## Directions for this task
Below are several records. Retype exactly those lines running from the one with "Pu&ograve; includere: Una" through the one with "A bright, welcoming", end lines included, and no others.
─── Source material ───
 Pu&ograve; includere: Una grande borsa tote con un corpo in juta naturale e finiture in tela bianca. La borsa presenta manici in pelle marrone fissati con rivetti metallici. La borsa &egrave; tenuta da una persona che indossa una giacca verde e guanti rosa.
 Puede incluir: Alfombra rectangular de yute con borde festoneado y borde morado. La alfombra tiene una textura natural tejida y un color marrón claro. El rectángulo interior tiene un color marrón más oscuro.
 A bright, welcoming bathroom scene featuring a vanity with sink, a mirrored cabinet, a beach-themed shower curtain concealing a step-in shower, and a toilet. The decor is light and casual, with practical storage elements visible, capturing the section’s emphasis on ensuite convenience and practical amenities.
───
─── Source material ───
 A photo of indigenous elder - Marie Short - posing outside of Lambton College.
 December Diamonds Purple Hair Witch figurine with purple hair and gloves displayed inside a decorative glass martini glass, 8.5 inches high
───
─── Source material ───
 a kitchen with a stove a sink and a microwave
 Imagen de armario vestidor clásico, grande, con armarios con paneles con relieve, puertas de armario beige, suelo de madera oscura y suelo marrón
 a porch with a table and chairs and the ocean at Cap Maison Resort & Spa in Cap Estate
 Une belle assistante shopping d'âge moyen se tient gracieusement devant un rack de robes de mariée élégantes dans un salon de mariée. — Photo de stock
───
## Solution to the exercise
 Pu&ograve; includere: Una grande borsa tote con un corpo in juta naturale e finiture in tela bianca. La borsa presenta manici in pelle marrone fissati con rivetti metallici. La borsa &egrave; tenuta da una persona che indossa una giacca verde e guanti rosa.
 Puede incluir: Alfombra rectangular de yute con borde festoneado y borde morado. La alfombra tiene una textura natural tejida y un color marrón claro. El rectángulo interior tiene un color marrón más oscuro.
 A bright, welcoming bathroom scene featuring a vanity with sink, a mirrored cabinet, a beach-themed shower curtain concealing a step-in shower, and a toilet. The decor is light and casual, with practical storage elements visible, capturing the section’s emphasis on ensuite convenience and practical amenities.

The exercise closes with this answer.